==== RAW DATA
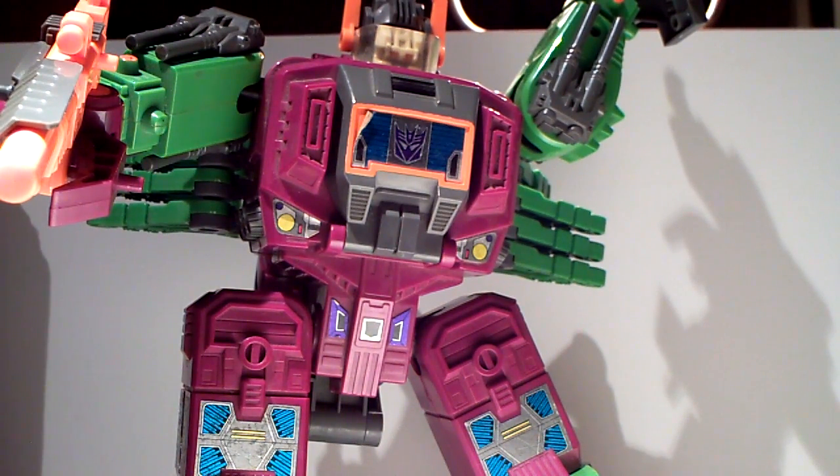Hello, back again, this is Dimitri with a short little part two of the Scorponok review. What I forgot to mention was of course the posability on this thing. Now it hasn't got a great deal of posability, but if you are patient and have enough imagination, you can get some poses out of him.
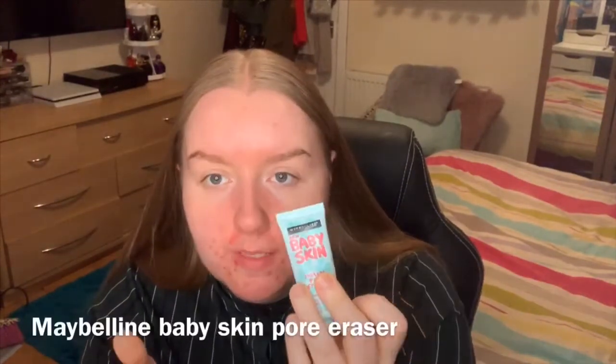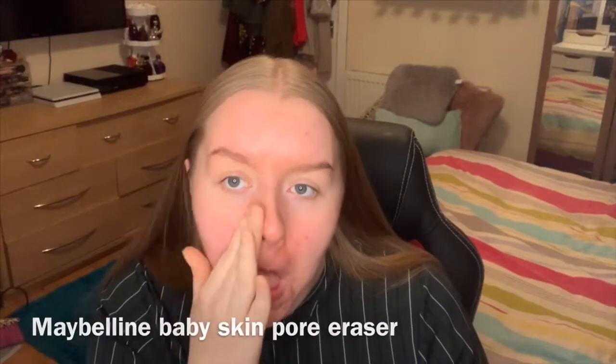I thought today would be a good time to try this foundation because my skin isn't looking its best — you can see it's just acting up a little bit down here. So I thought this would be a good day to see how much it covers. First I'm going to prime — just half of my face as always — using this primer here which is the Baby Skin, just so we can see how the foundation looks with and without primer.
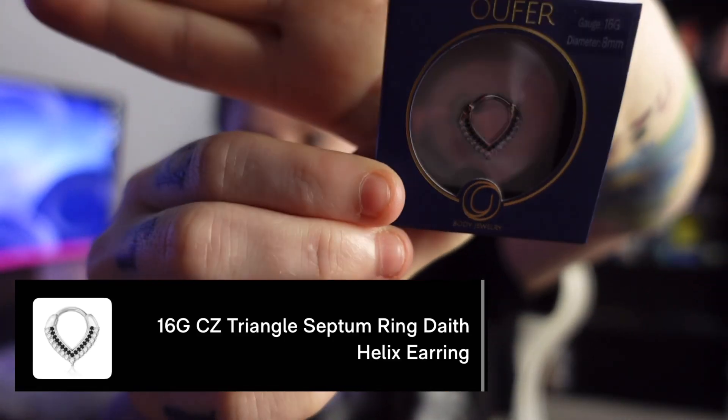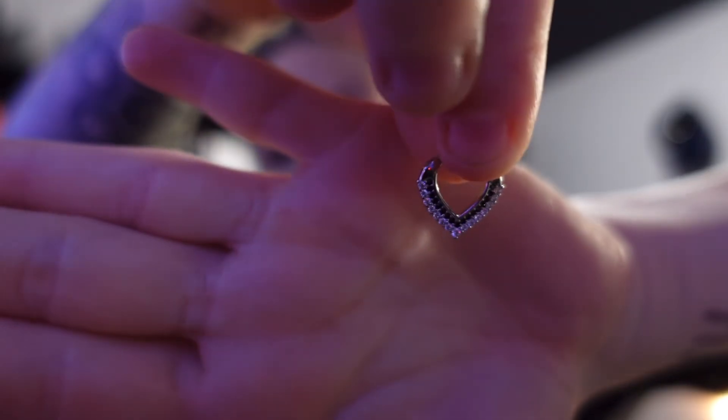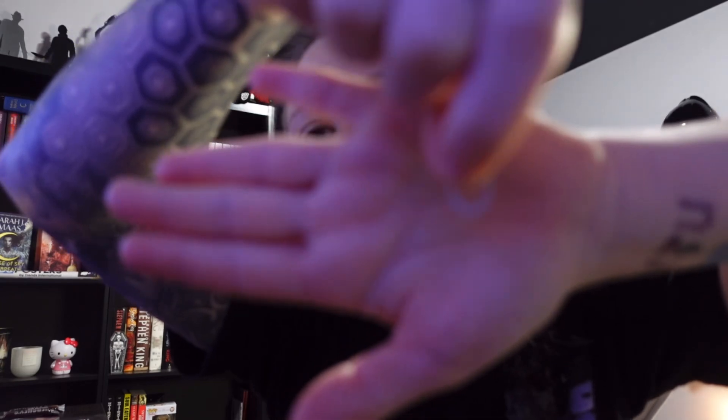I love their packaging — you slide it out and it's in this little case and you open it. I haven't opened it yet so I'm probably gonna take it out, clean it, take my septum out, and we'll go from there. These are 16 gauge, 8 millimeters — that's usually the bread and butter for my septum. This other one just has like diamonds on the bottom half.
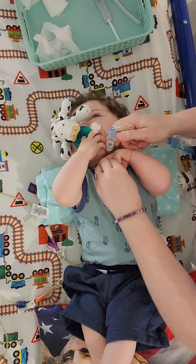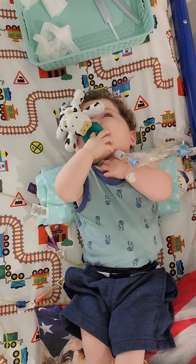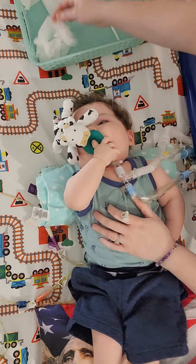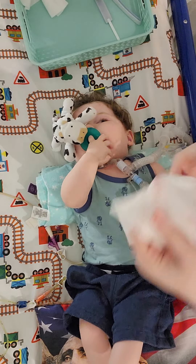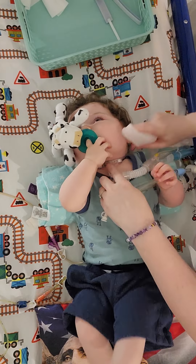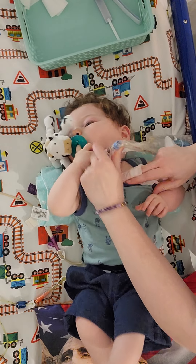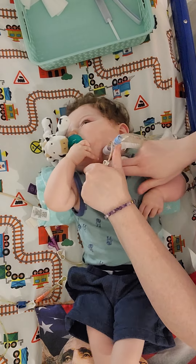First thing I'm going to do is take out this gauze, keeping his ties tied, and always look at it to see what color the sputum is. I have a body wipe — you could use a baby wipe — and I like to clean around the stoma while the ties are still tied when I'm doing it by myself, and even with a partner, because it's just safer.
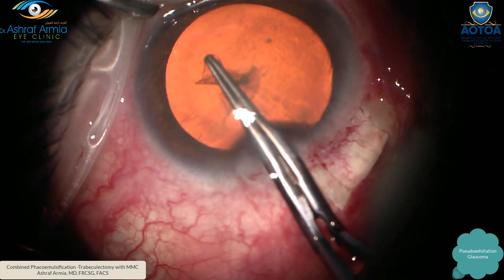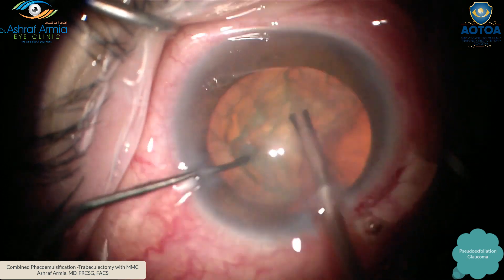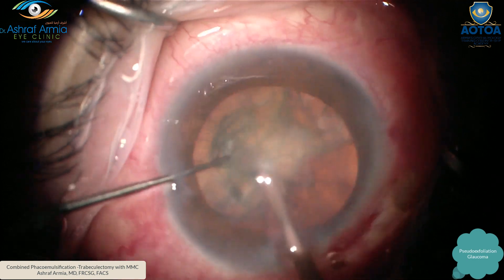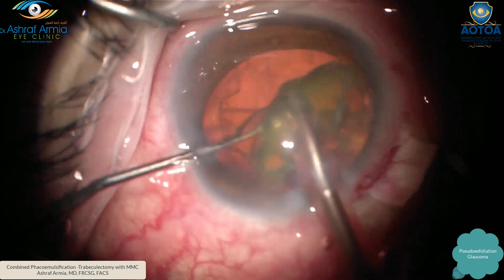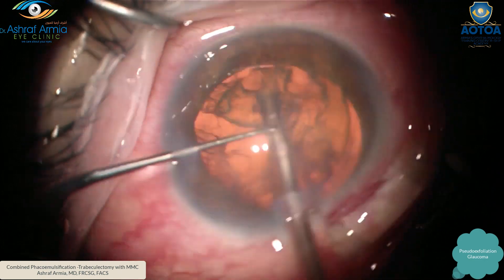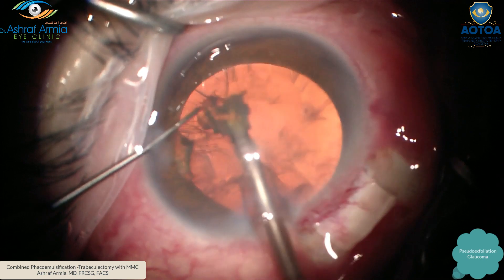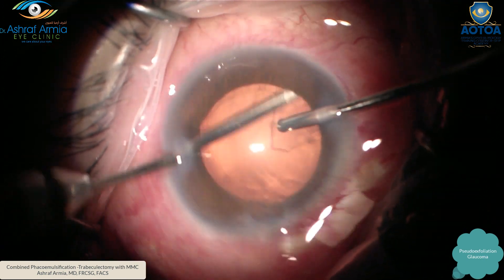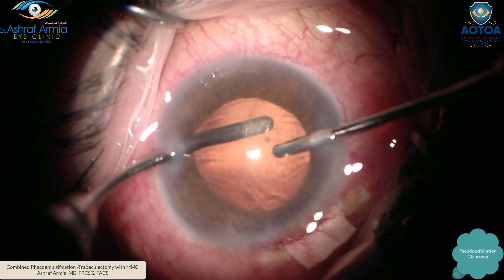As in regular FACO, in these cases the nucleus is grade two to three. I divide the nucleus into two using stop-and-chop, my preferred technique, then remove the nuclear pieces as usual. With the irrigation-aspiration handpiece, it is very important — particularly here — not to leave any cortex, to decrease post-operative inflammation. Clean thoroughly.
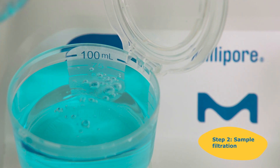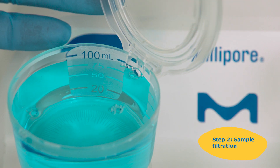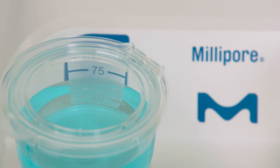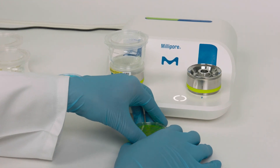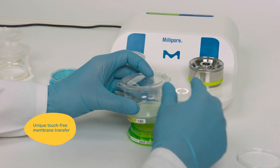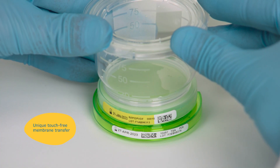Pour your sample through a pre-sterilized, ready-to-use and disposable Milliflex Oasis filtration unit. Then transfer the membrane filter onto a Milliflex Oasis agar plate.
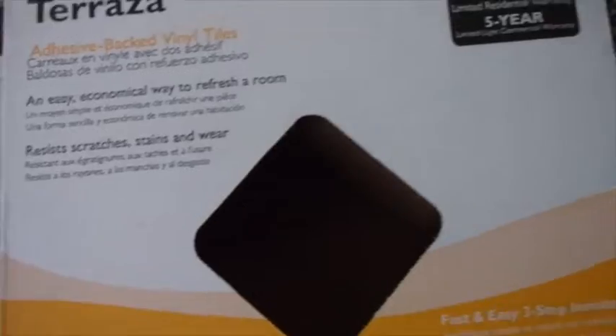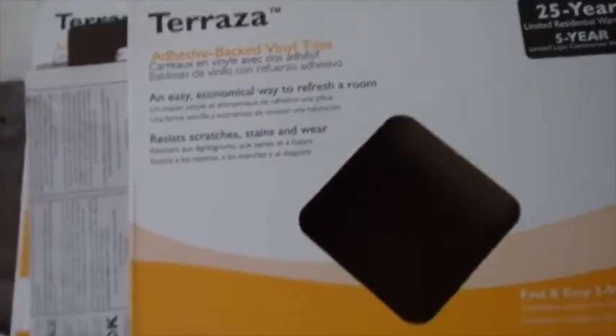I said if you get them, I'll put them down. So we went to Lowe's and these are what we got — Armstrong flooring, peel off paper, put it on down.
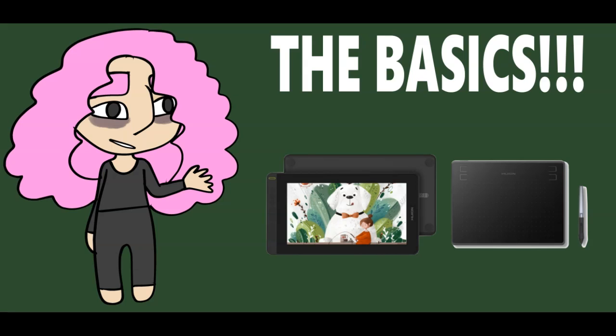Let's get started with digital art. Here's the basics. You need to get a drawing tablet — this is a must-have. Drawing with a mouse is just not going to be any fun; you're not going to have a good time.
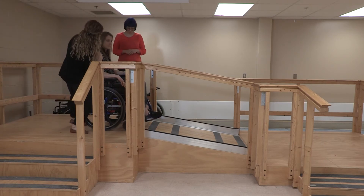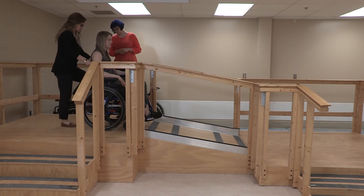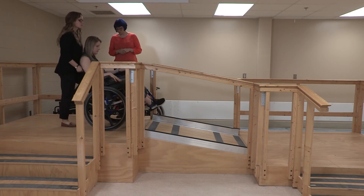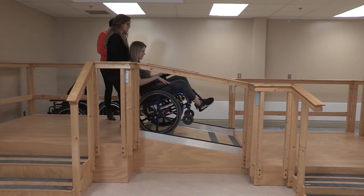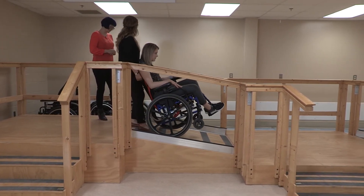You ready? I'm going to tip you back. Okay. Here we go. Okay, there you go.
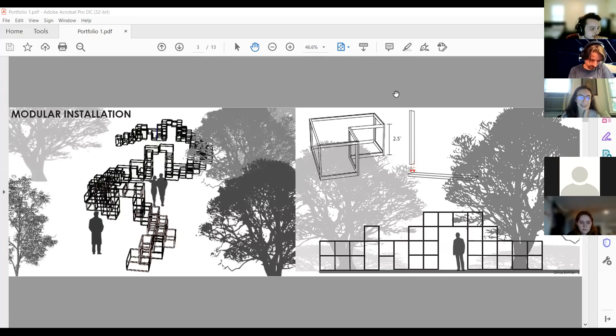One project was done over the summer after freshman year at a firm — a little installation. She ended up winning first place, probably because none of the employees wanted to come in an extra weekend to build it. Looking at this spread: there's a floating thing in space and some random trees, but it's a solid effort for a first-year presentation.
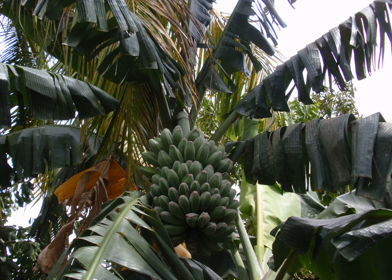Saba banana is a triploid hybrid banana cultivar originating from the Philippines. It is primarily a cooking banana, though it can also be eaten raw. It is one of the most important banana varieties in Philippine cuisine. It is also sometimes known as the Cardaba banana, though that name may be more correctly applied to a very similar cultivar also classified within the Saba subgroup.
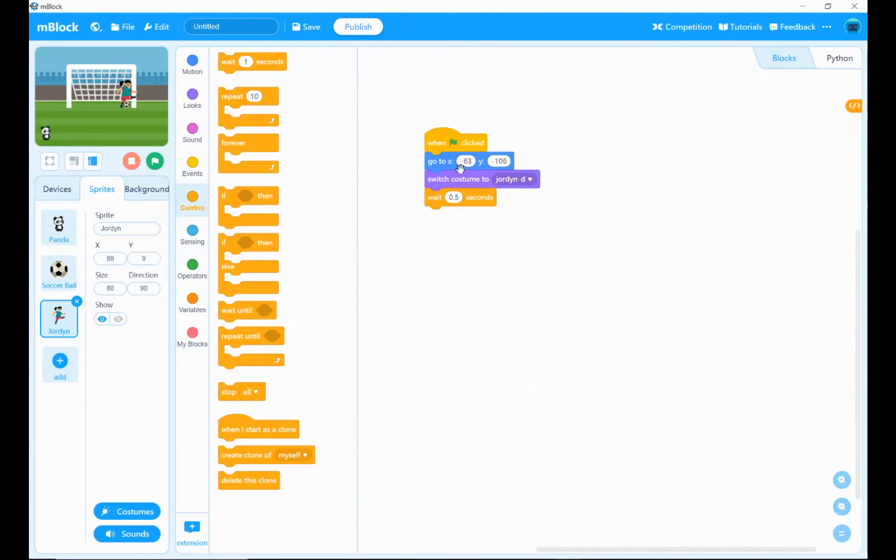Rather than dragging in each individual block, I want to introduce a handy shortcut. If I hover over a block and right-click, I've got the duplicate option. This will duplicate everything below the block I've clicked. So by clicking duplicate, I now have another two of those same blocks. I can keep doing the same — duplicate, and one more — until I've got all eight blocks that I want.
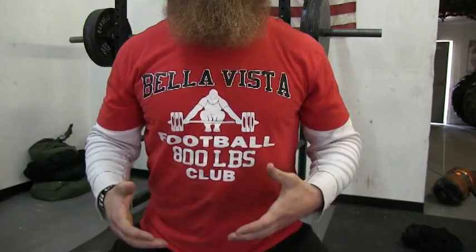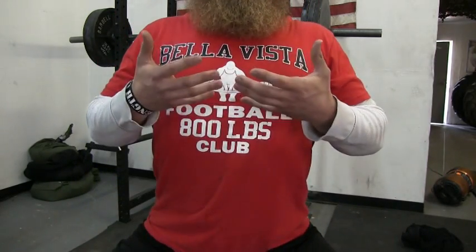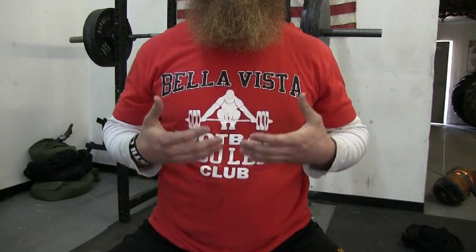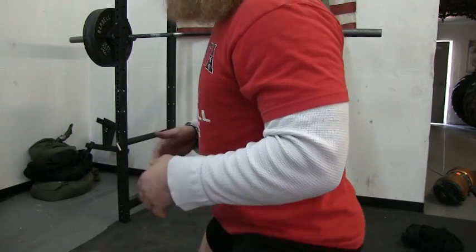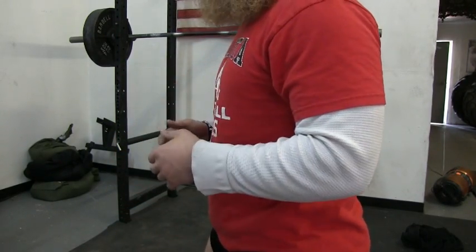One other tip for achieving tight intra-abdominal pressure is to breathe down, not up. What I mean by this is most people, when they take a breath, breathe up. What you want to do is breathe down. Breathing up versus breathing down — the difference in core tightness is significant.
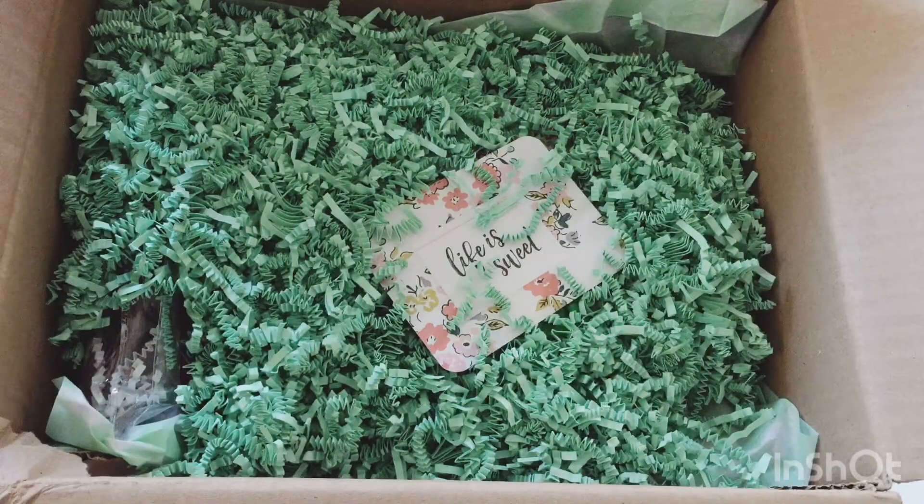Hello and welcome back to my channel. Today I have an unboxing of a package I received from Angela, who is Ange's Crafty Life on Instagram. The package looks amazing and I'm going to unbox everything really quick.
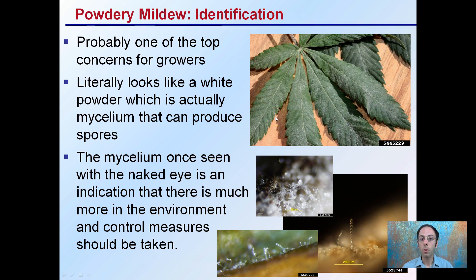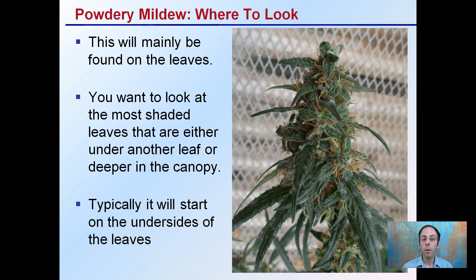You're probably a little late to the game, but you should definitely be employing a control measure at the first sign. This is mainly found on the leaves, so this is the area you should be focusing your scouting. You want to look at the most shaded leaves that are either under one leaf or deeper into the canopy. It can occur in areas near the buds, but usually it first shows up at those shaded and sheltered areas away from the light that also tend to have higher humidity levels. It typically will start not only on these leaves, but on the underside of these leaves. At the very early stages, you want to turn these leaves over and look at the undersides, because those tend to be a little bit more protected and have a little bit more moisture content.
========
EXERCISE DIRECTIONS: Output the entries above exactly. Drop the pictures.

THE ANSWER:
Hello, back again, this is Dimitri with a short little part two of the Scorponok review. What I forgot to mention was of course the posability on this thing. Now it hasn't got a great deal of posability, but if you are patient and have enough imagination, you can get some poses out of him.
I thought today would be a good time to try this foundation because my skin isn't looking its best — you can see it's just acting up a little bit down here. So I thought this would be a good day to see how much it covers. First I'm going to prime — just half of my face as always — using this primer here which is the Baby Skin, just so we can see how the foundation looks with and without primer.
I love their packaging — you slide it out and it's in this little case and you open it. I haven't opened it yet so I'm probably gonna take it out, clean it, take my septum out, and we'll go from there. These are 16 gauge, 8 millimeters — that's usually the bread and butter for my septum. This other one just has like diamonds on the bottom half.
First thing I'm going to do is take out this gauze, keeping his ties tied, and always look at it to see what color the sputum is. I have a body wipe — you could use a baby wipe — and I like to clean around the stoma while the ties are still tied when I'm doing it by myself, and even with a partner, because it's just safer.
As in regular FACO, in these cases the nucleus is grade two to three. I divide the nucleus into two using stop-and-chop, my preferred technique, then remove the nuclear pieces as usual. With the irrigation-aspiration handpiece, it is very important — particularly here — not to leave any cortex, to decrease post-operative inflammation. Clean thoroughly.
Pour your sample through a pre-sterilized, ready-to-use and disposable Milliflex Oasis filtration unit. Then transfer the membrane filter onto a Milliflex Oasis agar plate.
I said if you get them, I'll put them down. So we went to Lowe's and these are what we got — Armstrong flooring, peel off paper, put it on down.
Let's get started with digital art. Here's the basics. You need to get a drawing tablet — this is a must-have. Drawing with a mouse is just not going to be any fun; you're not going to have a good time.
You ready? I'm going to tip you back. Okay. Here we go. Okay, there you go.
One project was done over the summer after freshman year at a firm — a little installation. She ended up winning first place, probably because none of the employees wanted to come in an extra weekend to build it. Looking at this spread: there's a floating thing in space and some random trees, but it's a solid effort for a first-year presentation.
Saba banana is a triploid hybrid banana cultivar originating from the Philippines. It is primarily a cooking banana, though it can also be eaten raw. It is one of the most important banana varieties in Philippine cuisine. It is also sometimes known as the Cardaba banana, though that name may be more correctly applied to a very similar cultivar also classified within the Saba subgroup.
Rather than dragging in each individual block, I want to introduce a handy shortcut. If I hover over a block and right-click, I've got the duplicate option. This will duplicate everything below the block I've clicked. So by clicking duplicate, I now have another two of those same blocks. I can keep doing the same — duplicate, and one more — until I've got all eight blocks that I want.
One other tip for achieving tight intra-abdominal pressure is to breathe down, not up. What I mean by this is most people, when they take a breath, breathe up. What you want to do is breathe down. Breathing up versus breathing down — the difference in core tightness is significant.
Hello and welcome back to my channel. Today I have an unboxing of a package I received from Angela, who is Ange's Crafty Life on Instagram. The package looks amazing and I'm going to unbox everything really quick.
You're probably a little late to the game, but you should definitely be employing a control measure at the first sign. This is mainly found on the leaves, so this is the area you should be focusing your scouting. You want to look at the most shaded leaves that are either under one leaf or deeper into the canopy. It can occur in areas near the buds, but usually it first shows up at those shaded and sheltered areas away from the light that also tend to have higher humidity levels. It typically will start not only on these leaves, but on the underside of these leaves. At the very early stages, you want to turn these leaves over and look at the undersides, because those tend to be a little bit more protected and have a little bit more moisture content.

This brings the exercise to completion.